Dependency Submission Action for Gradle provides a reliable way to inspect dependencies in Gradle projects and get alerts about discovered vulnerabilities. We highly recommend enabling it in your projects. Since this only requires a small GitHub Actions configuration, let’s see how to do this…

How to use the Dependency Submission Action

The Dependency Submission Action is ready for wide adoption and we recommend that all Gradle projects on GitHub use it. To use Dependency Submission Action, follow the steps in the readme.

For basic usage, you need a simple YAML file in .github/workflows/ directory of your repository, for example, .github/workflows/dependency-submission.yml:

name: Dependency Submission

on: 
  push:
    branches: [ "main" ]

permissions:
  contents: write

jobs:
  dependency-submission:
    runs-on: ubuntu-latest
    steps:
    - name: Checkout sources
      uses: actions/checkout@v4
    - uses: actions/setup-java@v4
      with:
        distribution: 'temurin'
        # change if your project requires a different Java version
        java-version: '17' 
    - name: Generate and submit dependency graph
      uses: gradle/actions/dependency-submission@v3

You can see a live example of this GitHub Workflow here. The source file of the GitHub definition can be found in .github/workflows/dependency-submission.yml.

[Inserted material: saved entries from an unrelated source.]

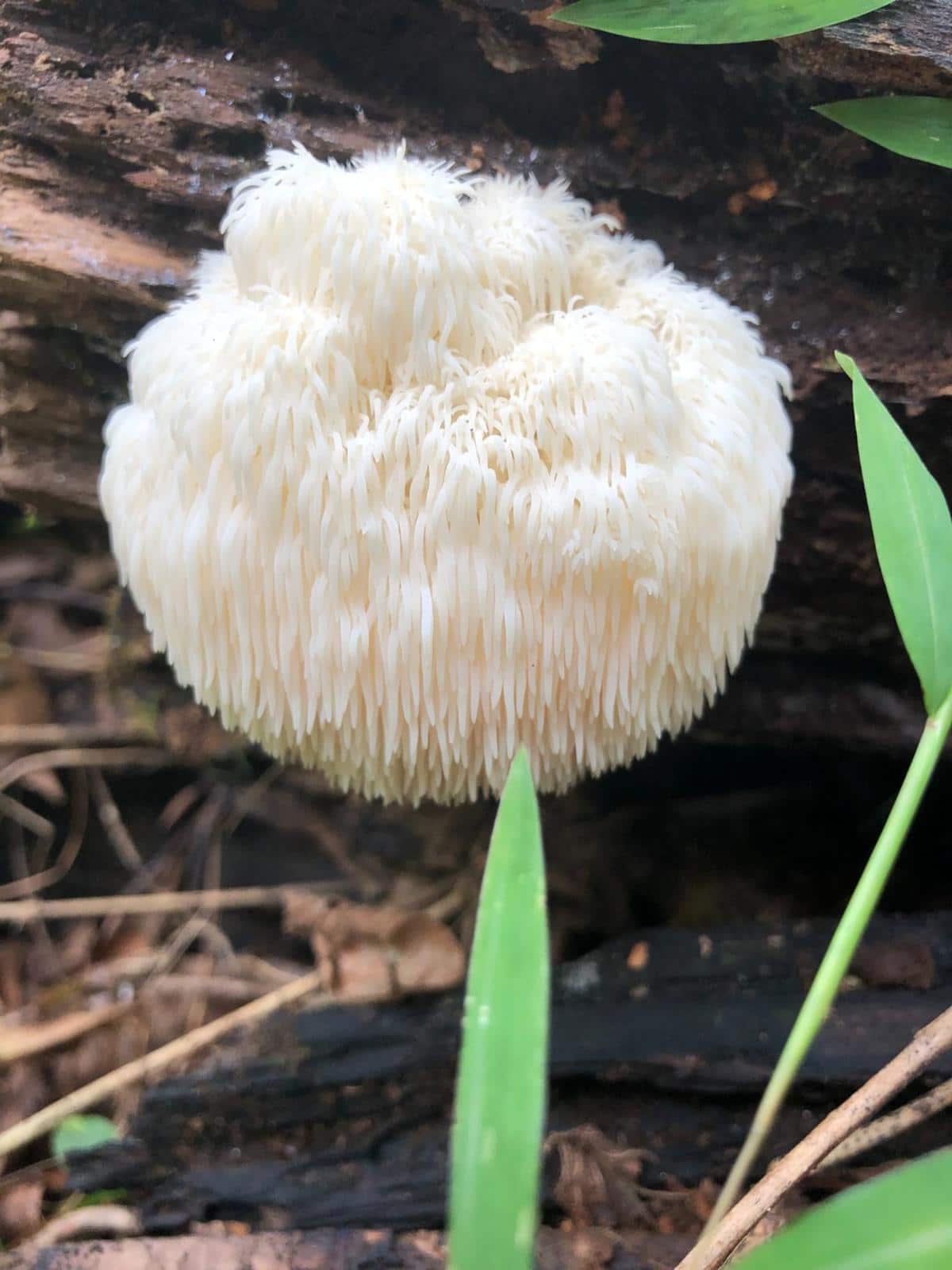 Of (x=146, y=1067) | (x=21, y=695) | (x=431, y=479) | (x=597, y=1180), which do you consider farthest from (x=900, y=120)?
(x=21, y=695)

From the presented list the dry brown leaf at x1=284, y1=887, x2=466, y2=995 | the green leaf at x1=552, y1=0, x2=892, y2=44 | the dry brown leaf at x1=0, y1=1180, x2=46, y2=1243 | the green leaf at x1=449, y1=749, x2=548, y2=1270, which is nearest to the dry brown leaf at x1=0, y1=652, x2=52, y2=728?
the dry brown leaf at x1=284, y1=887, x2=466, y2=995

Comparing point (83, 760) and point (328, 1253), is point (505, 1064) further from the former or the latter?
point (83, 760)

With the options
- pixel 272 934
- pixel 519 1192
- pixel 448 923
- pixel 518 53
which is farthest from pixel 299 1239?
pixel 518 53

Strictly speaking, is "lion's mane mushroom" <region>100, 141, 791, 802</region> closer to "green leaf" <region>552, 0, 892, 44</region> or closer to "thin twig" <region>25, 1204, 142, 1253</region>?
"green leaf" <region>552, 0, 892, 44</region>

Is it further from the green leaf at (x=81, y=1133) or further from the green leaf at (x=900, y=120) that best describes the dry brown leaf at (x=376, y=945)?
the green leaf at (x=900, y=120)

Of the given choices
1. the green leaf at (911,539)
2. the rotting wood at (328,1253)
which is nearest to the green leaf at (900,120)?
the green leaf at (911,539)

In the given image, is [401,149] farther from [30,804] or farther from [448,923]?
Result: [30,804] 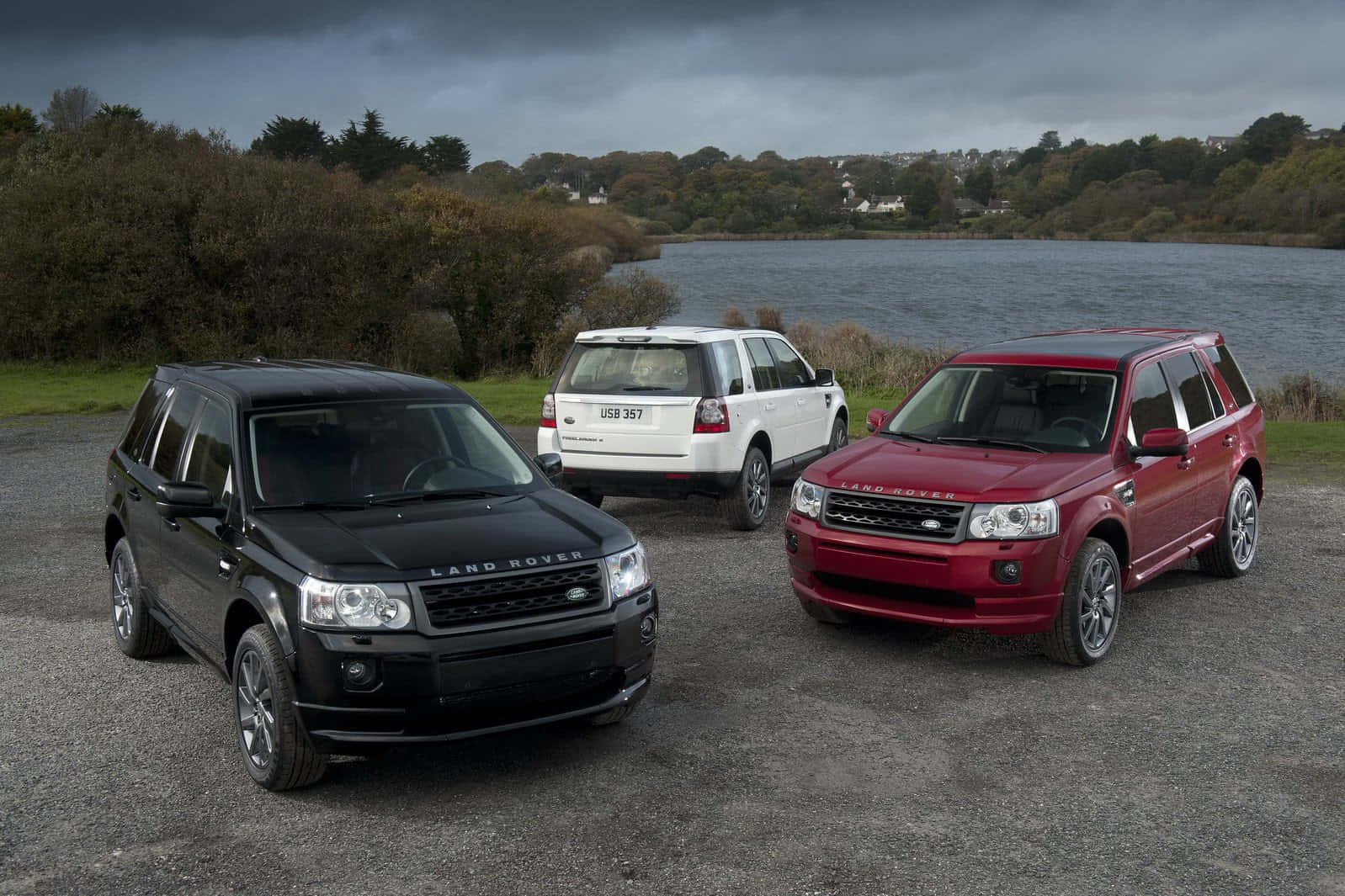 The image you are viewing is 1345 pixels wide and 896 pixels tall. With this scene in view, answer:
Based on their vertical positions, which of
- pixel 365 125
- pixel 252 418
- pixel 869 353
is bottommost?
pixel 869 353

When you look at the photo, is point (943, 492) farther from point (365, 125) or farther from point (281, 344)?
point (365, 125)

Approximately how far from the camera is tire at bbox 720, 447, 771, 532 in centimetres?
1083

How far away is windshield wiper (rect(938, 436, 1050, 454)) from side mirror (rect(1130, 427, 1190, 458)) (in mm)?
596

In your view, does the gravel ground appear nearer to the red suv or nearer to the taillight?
the red suv

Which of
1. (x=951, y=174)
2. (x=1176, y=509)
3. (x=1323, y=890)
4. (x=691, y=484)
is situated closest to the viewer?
(x=1323, y=890)

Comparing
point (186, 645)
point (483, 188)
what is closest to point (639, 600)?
point (186, 645)

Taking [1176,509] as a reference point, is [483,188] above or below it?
above

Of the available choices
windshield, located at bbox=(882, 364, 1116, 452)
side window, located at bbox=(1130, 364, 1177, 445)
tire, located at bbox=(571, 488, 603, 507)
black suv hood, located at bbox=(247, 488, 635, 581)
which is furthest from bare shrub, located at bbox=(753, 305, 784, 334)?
black suv hood, located at bbox=(247, 488, 635, 581)

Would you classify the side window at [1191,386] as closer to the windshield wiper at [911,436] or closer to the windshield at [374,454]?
the windshield wiper at [911,436]

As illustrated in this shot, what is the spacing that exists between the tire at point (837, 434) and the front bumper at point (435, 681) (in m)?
8.31

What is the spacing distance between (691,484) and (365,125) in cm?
7521

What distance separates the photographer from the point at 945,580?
6.78 meters

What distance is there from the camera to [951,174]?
6481 inches

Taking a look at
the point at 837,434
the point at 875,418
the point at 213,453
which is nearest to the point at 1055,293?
the point at 837,434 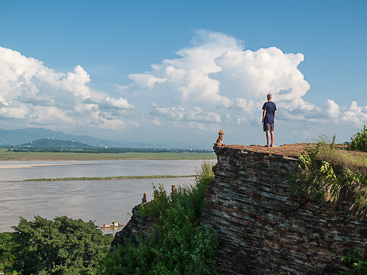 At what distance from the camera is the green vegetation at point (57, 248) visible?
2004cm

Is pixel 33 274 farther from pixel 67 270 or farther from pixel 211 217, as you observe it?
pixel 211 217

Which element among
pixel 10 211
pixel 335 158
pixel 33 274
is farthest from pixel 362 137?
pixel 10 211

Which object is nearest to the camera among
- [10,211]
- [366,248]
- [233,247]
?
[366,248]

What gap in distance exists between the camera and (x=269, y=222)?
22.0 ft

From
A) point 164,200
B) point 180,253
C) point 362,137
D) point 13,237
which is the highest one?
point 362,137

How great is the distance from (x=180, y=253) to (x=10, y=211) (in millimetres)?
43426

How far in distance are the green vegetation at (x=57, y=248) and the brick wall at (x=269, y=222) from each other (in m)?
14.9

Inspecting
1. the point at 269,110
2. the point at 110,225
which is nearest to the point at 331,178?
the point at 269,110

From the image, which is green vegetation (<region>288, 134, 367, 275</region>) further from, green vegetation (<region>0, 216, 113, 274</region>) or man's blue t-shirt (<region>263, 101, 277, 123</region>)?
green vegetation (<region>0, 216, 113, 274</region>)

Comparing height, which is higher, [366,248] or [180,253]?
[366,248]

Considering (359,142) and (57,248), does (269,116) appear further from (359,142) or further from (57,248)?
(57,248)

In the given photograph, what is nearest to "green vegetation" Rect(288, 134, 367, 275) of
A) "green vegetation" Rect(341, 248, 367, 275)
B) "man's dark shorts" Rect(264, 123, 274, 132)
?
"green vegetation" Rect(341, 248, 367, 275)

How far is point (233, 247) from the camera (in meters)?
7.26

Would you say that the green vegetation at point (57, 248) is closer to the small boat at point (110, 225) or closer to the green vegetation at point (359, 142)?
the small boat at point (110, 225) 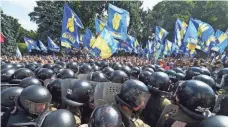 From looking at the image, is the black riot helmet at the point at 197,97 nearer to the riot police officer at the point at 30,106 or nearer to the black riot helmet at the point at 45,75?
the riot police officer at the point at 30,106

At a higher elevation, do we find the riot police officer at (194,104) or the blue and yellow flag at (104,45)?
the blue and yellow flag at (104,45)

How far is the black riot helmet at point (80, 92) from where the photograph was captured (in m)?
5.89

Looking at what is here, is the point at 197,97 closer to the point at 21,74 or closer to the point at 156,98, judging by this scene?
the point at 156,98

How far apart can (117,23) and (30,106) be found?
10.3m

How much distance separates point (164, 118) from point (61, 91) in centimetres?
224

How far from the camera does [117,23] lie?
47.9 feet

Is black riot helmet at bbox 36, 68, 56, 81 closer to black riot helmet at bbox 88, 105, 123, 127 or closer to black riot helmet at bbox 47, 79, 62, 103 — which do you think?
black riot helmet at bbox 47, 79, 62, 103

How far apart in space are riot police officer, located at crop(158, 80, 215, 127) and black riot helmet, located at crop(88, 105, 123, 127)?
1034 millimetres

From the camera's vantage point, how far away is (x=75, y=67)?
39.2ft

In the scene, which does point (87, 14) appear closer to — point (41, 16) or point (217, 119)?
point (41, 16)

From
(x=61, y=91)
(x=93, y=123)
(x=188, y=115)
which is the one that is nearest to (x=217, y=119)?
(x=188, y=115)

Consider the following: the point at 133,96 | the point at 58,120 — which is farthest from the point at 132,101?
the point at 58,120

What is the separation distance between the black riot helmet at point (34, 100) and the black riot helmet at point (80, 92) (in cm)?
110

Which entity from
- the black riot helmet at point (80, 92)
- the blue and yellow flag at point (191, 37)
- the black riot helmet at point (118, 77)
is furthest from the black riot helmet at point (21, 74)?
the blue and yellow flag at point (191, 37) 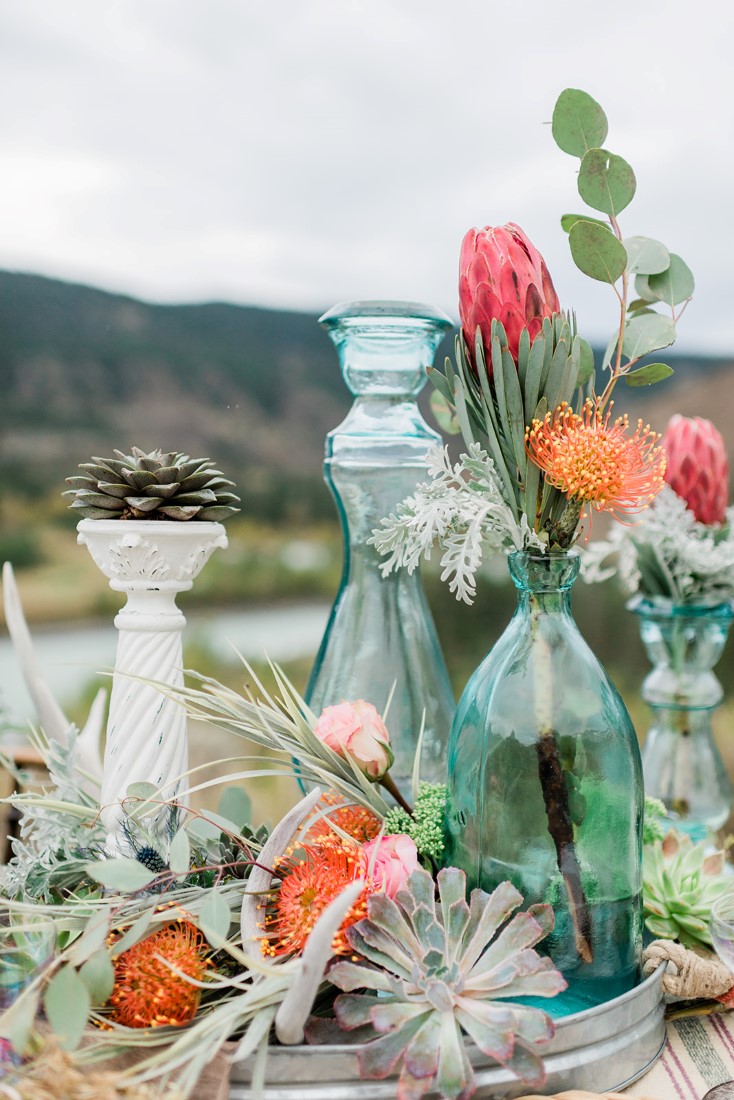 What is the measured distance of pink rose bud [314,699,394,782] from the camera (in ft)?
1.83

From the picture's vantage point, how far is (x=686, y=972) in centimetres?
56

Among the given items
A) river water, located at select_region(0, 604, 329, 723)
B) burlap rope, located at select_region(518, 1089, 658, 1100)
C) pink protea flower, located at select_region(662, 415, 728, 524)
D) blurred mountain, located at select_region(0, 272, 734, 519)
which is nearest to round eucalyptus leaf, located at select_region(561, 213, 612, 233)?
pink protea flower, located at select_region(662, 415, 728, 524)

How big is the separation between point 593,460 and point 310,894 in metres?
0.29

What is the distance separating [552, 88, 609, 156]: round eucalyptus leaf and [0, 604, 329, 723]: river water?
4.87 ft

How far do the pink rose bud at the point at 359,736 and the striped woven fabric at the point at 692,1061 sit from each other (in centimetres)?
23

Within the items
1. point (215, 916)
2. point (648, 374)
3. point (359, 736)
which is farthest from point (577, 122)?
point (215, 916)

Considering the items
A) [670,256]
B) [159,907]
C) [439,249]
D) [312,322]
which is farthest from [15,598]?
[312,322]

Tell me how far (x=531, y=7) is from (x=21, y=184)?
1.12 metres

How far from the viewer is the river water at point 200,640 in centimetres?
200

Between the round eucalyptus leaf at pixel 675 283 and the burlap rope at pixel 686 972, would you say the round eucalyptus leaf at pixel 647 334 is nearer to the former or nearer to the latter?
the round eucalyptus leaf at pixel 675 283

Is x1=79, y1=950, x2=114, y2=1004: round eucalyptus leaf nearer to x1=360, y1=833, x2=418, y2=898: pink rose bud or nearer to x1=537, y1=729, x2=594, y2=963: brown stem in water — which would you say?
x1=360, y1=833, x2=418, y2=898: pink rose bud

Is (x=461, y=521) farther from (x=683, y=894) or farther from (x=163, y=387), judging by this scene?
(x=163, y=387)

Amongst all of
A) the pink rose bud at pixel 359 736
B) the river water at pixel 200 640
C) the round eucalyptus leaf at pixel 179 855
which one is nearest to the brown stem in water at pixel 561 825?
the pink rose bud at pixel 359 736

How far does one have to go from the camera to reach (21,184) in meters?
1.91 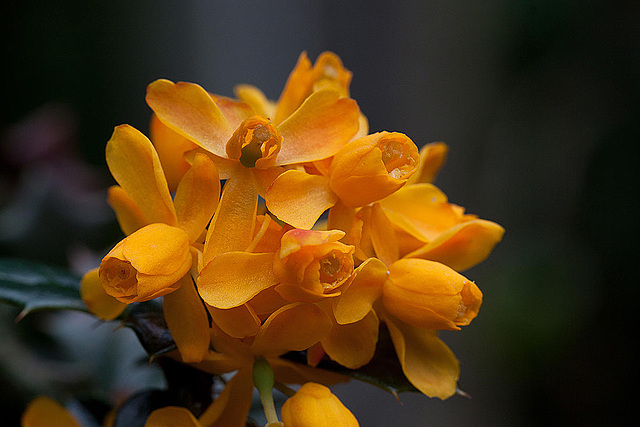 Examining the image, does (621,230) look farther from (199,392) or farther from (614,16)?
(199,392)

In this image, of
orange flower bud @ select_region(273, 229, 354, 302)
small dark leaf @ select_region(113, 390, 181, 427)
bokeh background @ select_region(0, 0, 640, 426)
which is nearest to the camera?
orange flower bud @ select_region(273, 229, 354, 302)

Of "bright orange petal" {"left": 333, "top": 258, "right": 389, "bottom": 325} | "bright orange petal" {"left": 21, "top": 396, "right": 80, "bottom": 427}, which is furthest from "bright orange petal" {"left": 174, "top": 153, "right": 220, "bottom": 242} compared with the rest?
"bright orange petal" {"left": 21, "top": 396, "right": 80, "bottom": 427}

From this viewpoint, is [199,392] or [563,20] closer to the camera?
[199,392]

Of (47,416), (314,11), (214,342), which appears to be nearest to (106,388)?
(47,416)

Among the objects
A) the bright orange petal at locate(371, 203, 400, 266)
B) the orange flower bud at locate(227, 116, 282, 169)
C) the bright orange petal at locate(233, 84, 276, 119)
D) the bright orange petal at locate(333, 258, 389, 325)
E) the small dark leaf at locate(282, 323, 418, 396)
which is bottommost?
the small dark leaf at locate(282, 323, 418, 396)

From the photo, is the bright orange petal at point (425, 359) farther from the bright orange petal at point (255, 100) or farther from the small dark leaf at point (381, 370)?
the bright orange petal at point (255, 100)

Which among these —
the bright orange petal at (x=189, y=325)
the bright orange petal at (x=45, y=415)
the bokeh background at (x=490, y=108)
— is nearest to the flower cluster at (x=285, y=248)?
the bright orange petal at (x=189, y=325)

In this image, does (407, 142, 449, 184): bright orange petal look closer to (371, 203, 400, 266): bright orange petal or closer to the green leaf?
(371, 203, 400, 266): bright orange petal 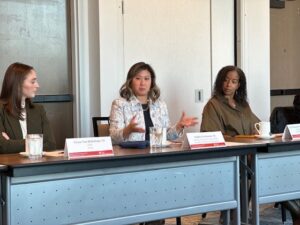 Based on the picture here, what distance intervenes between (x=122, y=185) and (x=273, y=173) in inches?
37.6

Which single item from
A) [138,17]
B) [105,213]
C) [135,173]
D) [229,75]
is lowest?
[105,213]

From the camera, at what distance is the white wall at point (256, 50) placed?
17.3 feet

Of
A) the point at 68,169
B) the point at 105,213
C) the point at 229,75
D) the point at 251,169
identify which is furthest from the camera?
the point at 229,75

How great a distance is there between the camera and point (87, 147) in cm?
254

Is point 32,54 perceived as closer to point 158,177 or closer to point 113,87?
point 113,87

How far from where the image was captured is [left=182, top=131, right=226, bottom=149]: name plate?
9.37ft

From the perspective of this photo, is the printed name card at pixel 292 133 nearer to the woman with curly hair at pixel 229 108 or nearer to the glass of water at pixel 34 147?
the woman with curly hair at pixel 229 108

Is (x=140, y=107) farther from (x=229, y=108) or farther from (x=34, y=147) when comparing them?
(x=34, y=147)

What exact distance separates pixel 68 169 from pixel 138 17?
2452 mm

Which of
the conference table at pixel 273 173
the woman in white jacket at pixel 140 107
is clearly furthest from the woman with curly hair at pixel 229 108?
the conference table at pixel 273 173

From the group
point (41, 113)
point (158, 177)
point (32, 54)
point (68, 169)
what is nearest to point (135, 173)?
point (158, 177)

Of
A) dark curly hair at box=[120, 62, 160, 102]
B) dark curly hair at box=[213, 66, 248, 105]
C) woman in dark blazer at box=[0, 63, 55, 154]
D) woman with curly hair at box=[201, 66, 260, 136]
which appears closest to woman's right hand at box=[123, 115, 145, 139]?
dark curly hair at box=[120, 62, 160, 102]

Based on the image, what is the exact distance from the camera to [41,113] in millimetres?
3412

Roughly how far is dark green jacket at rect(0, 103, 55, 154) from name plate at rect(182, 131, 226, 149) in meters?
0.86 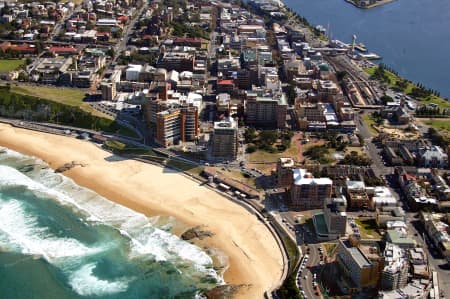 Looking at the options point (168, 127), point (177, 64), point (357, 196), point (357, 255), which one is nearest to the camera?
point (357, 255)

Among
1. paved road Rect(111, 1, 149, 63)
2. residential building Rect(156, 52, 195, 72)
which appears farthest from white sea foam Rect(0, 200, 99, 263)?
paved road Rect(111, 1, 149, 63)

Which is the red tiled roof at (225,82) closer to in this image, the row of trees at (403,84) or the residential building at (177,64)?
the residential building at (177,64)

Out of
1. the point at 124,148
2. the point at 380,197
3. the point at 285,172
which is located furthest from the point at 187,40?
the point at 380,197

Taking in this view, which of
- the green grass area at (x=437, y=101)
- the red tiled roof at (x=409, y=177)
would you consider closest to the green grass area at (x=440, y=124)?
the green grass area at (x=437, y=101)

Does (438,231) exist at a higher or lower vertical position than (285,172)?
lower

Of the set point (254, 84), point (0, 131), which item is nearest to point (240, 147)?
point (254, 84)

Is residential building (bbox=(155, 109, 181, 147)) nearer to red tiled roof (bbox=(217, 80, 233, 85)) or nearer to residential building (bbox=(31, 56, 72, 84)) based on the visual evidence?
red tiled roof (bbox=(217, 80, 233, 85))

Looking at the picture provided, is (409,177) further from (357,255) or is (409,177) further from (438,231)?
(357,255) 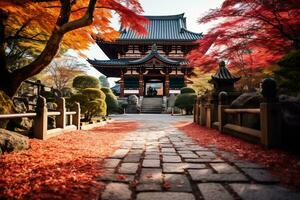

Once the first push is executed or you trigger the dependency submission manually, you will be able to see the following build output:

Dependency Submission Action - Execution Log

You can find more advanced configurations and settings in the Dependency Submission Action documentation.

How the Dependency Submission Action works

The key challenge in integrating Gradle Build Tool, GitHub dependency graph, and Dependabot alerts was to provide all dependencies used in the project in their correct versions, considering all of the complexities of the underlying dependency management engine.

In order to provide complete and accurate dependency versions, the Dependency Submission Action for Gradle applies a specialized plugin and runs a small Gradle build that resolves all project dependencies. This means that the submitted dependency versions are exactly the same as those actually used by the project. The action is invoked in a separate workflow step, but will still benefit from optimizations provided by the Setup Gradle Action, and can also use build cache.

Whenever the dependency-submission workflow is run, the GitHub dependency graph is updated with the latest dependency versions for the project. This makes dependency data visible in the Insights > Dependency graph tab of the repository, and enables Dependabot security alerts to be visible with associated notifications sent for any new vulnerabilities.

Get help and share feedback

We created a dedicated channel for Q&A and discussions. Join us in our Gradle Community Slack at the #github-integrations channel for assistance with enabling Dependency Submission Action and fixing vulnerabilities in your project. We would appreciate any feedback on this channel, too!

If you want to report a defect, please use GitHub Issues on the Gradle actions repository. There, you can also subscribe for new release announcements.

What’s next

With this GitHub integration, Gradle will help developers deal with vulnerable dependencies, but our goal does not stop there. We plan to continue expanding functionality and adding more features and UX improvements.

To accelerate adoption, Gradle Build Tool engineering team will be submitting pull requests to selected open-source projects that enable the action, starting with Gradle community plugins.

We also want to help maintainers integrate dependency fixes — including those for transitive dependencies — more quickly, and we are contributing to make this easier with Dependabot security updates.